Basically, it explains with what energy what binding can be stimulated. With more and more energy molecular/atomic/subatomic particles can be separated from each other for a brief duration before reaching the stable ground state again. Depending upon these transitions, several interesting phenomenons can be observed in the microscopic universe of materials and their interaction with electromagnetic energy.

So, every material is constantly being in interaction with the Electromagnetic energy. Depending upon the energy level, either translational, vibrational, rotational, electronic excitation is made possible for constituent molecules and atoms in the material. This material is what we call as SAMPLE, which is the "stuff" we would like to inspect at. Which excitation we are going to observe is based upon the sensing material which we have engineered with well known and understood properties, which we call as DETECTOR.

This inspection can be either temporal or spatial or spectral or combination of those. Moreover, inspection can be scaled from microscopic measurements to macroscopic measurements by changing the configurations of the instruments based on the operating environment and application requirement.

Actual thing :)

Thus to create any instrument basically either the individual or the team has to basically understand Systems Integration point of view, how the control and signal is handled through every modules within integration. In the case of designing a spectrometer, before going to actually building a spectrometer having a abstract level view of how it can be actually configured will be helpful.

image description

Thus instead of boring you, lets look at the above listing illustration and observe :

  1. Excitation Source
  2. Sample Placement
  3. Collimation
  4. Dispersion or Diffraction
  5. Manual Observation & Observed Spectrum
  6. Electronic Detection & Measured Spectrum

One can see, **Excitation Source **acts as the source of Electromagnetic energy that we have decide upon which part of the Energy spectrum we like to experiment with.
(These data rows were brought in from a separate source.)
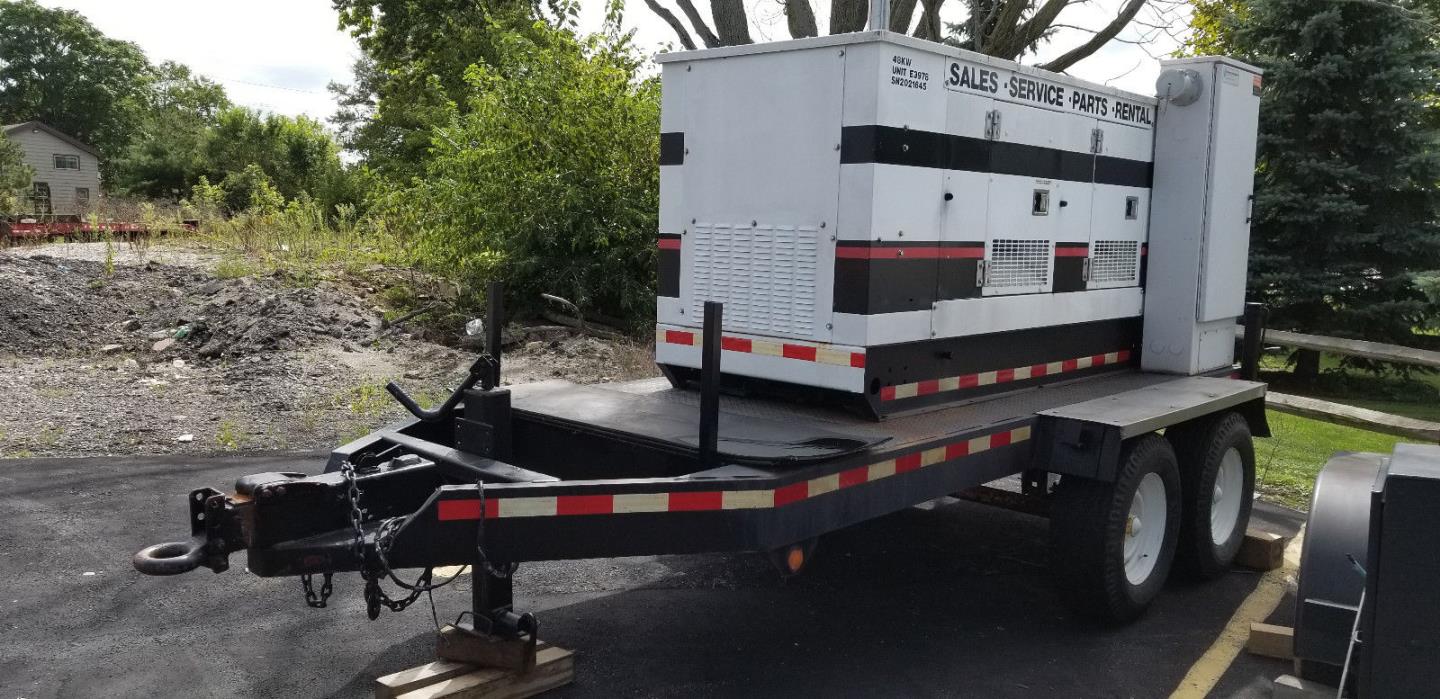 48 KW Olympian Caterpillar Diesel Generator Excellent Condition Multi Tap / Port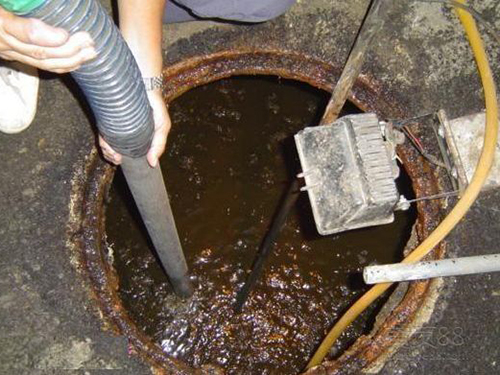 沿河隔油池清理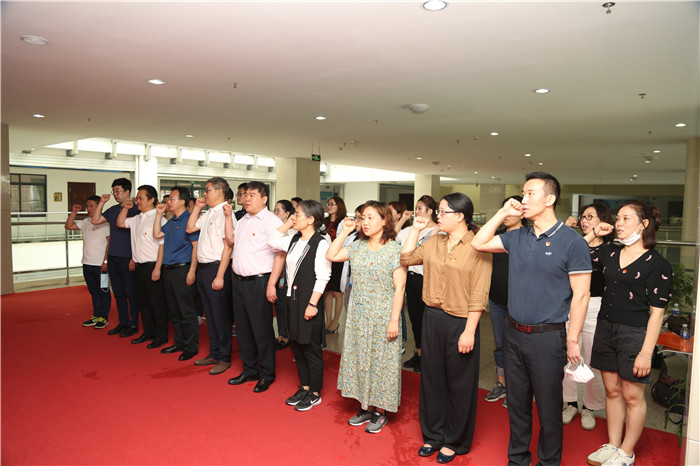 3.集体重温入党誓词.jpg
This usually varies upon the application requirement. Thus a clean understanding of classification nomenclature of electromagnetic spectrum we humans have named to easily remember huge bunch of wavelengths, so that applications and requirements can be easily mapped to find the required wavelength necessary, from which the matching excitation source can be found or to be developed with further research. The following XKCD illustration might help remember it easily.image description

Next in line is the Sample placement. Electromagnetic energy (light wave or photons) passes through this sample where the actual beautiful psychedelic interaction between the matter and energy happens. This usually happens in a near ideal environment or in a closed space or in vacuum or just in open space. Depending upon the material constituents in the sample, the interaction can be interpreted or perceived as : Absorption/Transmission, Emission, Reflection, etc... and sometimes spectrometers are named after such phenomenon.
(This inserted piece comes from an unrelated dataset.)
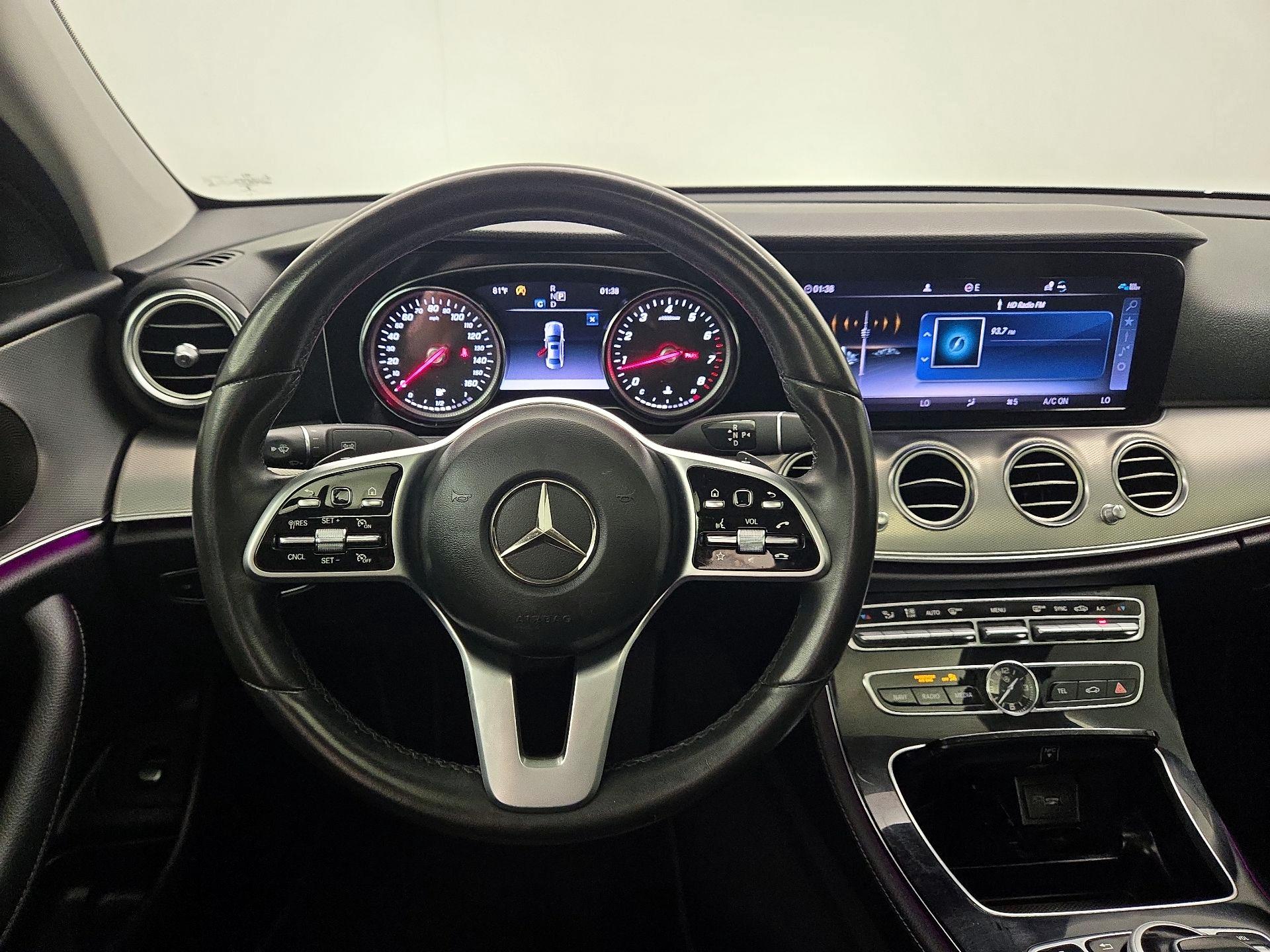 Thumbnail: 2020 Mercedes-Benz E-Class - 10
In order to collect the interacted result which are the photons or wave that comes out after the interaction, proper channelling has to be set. This channel medium depends upon again the electromagnetic energy we are dealing with. Since we like to deal with Infrared, Visible, Ultraviolet, we can easily fit this into Optical devices such as Collimating lens, focusing optics, Iris, Optical guide, etc... For other spectrum like Radio suitable mediums like antennas, waveguides, etc needs to be employed.

Next comes the heart of the instrument, which is where the engineering research, that actually decides the probing architecture. This spans from Prism, Grating, Prism-Grating-Prism, Volume Phase Grating, Acousto Optic Tunable Filter, Liquid Crystal Tunable Filter, Electro Optic Tunable Filter, Surface Acoustic Wave Filters... etc... These awesome devices are
the result of several experimentation from the world of material science and advancement of synthesizing processess. Each devices handles revealing the composite spectrum that it receives differently - Diffraction, Interference, Refraction, etc... Studying how to design such devices itself a wonderful scientific exploration. They are the backends of the spectrometry.

After revealing the spectrum, we now have to collect them properly and record as measurement. This can be employed in two ways.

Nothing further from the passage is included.